The Library of Congress has announced that it will be archiving all Twitter posts (tweets). You can find positive reaction on Twitter. But some have also wondered about privacy concerns. Fred Stutzman, for example, points out how even assuming that only unprotected accounts are being archived this can still be problematic.1 While some people have Twitter usernames that easily identify their owners and many allow themselves to be found based on an email address that is publicly associated with their identity, there are also many that do not. If at a future time, this account becomes associated with their identity for a larger audience than they desire, they can make their whole account viewable only by approved followers2, delete the account, or delete some of the tweets. Of course, this information may remain elsewhere on the Internet for a short or long time. But in contrast, the Library of Congress archive will be much more enduring and likely outside of individual users’ control.3 While I think it is worth examining the strategies that people adopt to cope with inflexible or difficult to use privacy controls in software, I don’t intend to do that here.

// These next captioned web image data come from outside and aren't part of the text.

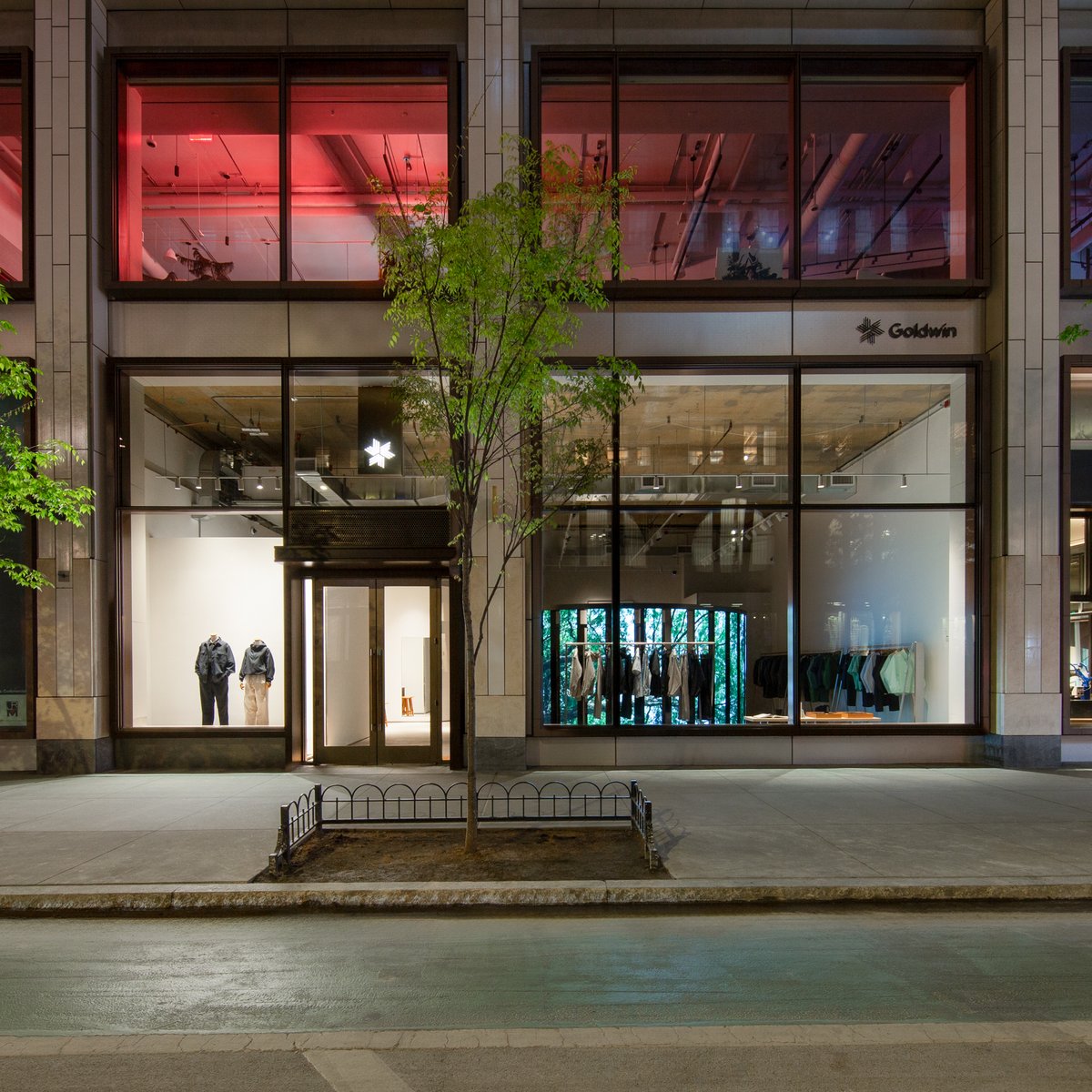 「ゴールドウイン」のニューヨーク新店の外観画像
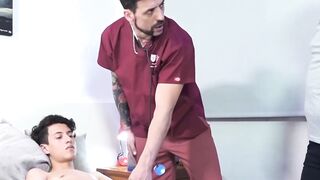 Witnessing how my tiny stepson Wilson ravages his hairy doctor after checkup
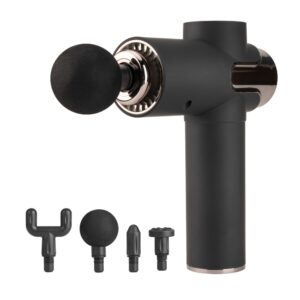 Vibration Body Muscle Mini Massage Gun Rechargeable Portable 4 Massage Head Low Sound Cordless Deep Tissue Massage Gun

Instead, I want to relate this discussion to my continued interest in how activity streams and other information consumption interfaces affect their users’ beliefs and behaviors through the availability heuristic. In response to some comments on his first post, Stutzman argues that people overestimate the degree to which content once public on the Internet is public forever:
So why is it that we all assume that the content we share publicly will be around forever? I think this is a classic case of selection on the dependent variable. When we Google ourselves, we are confronted with what’s there as opposed to what’s not there. The stuff that goes away gets forgotten, and we concentrate on things that we see or remember (like a persistent page about us that we don’t like). In reality, our online identities decay, decay being a stochastic process. The internet is actually quite bad at remembering.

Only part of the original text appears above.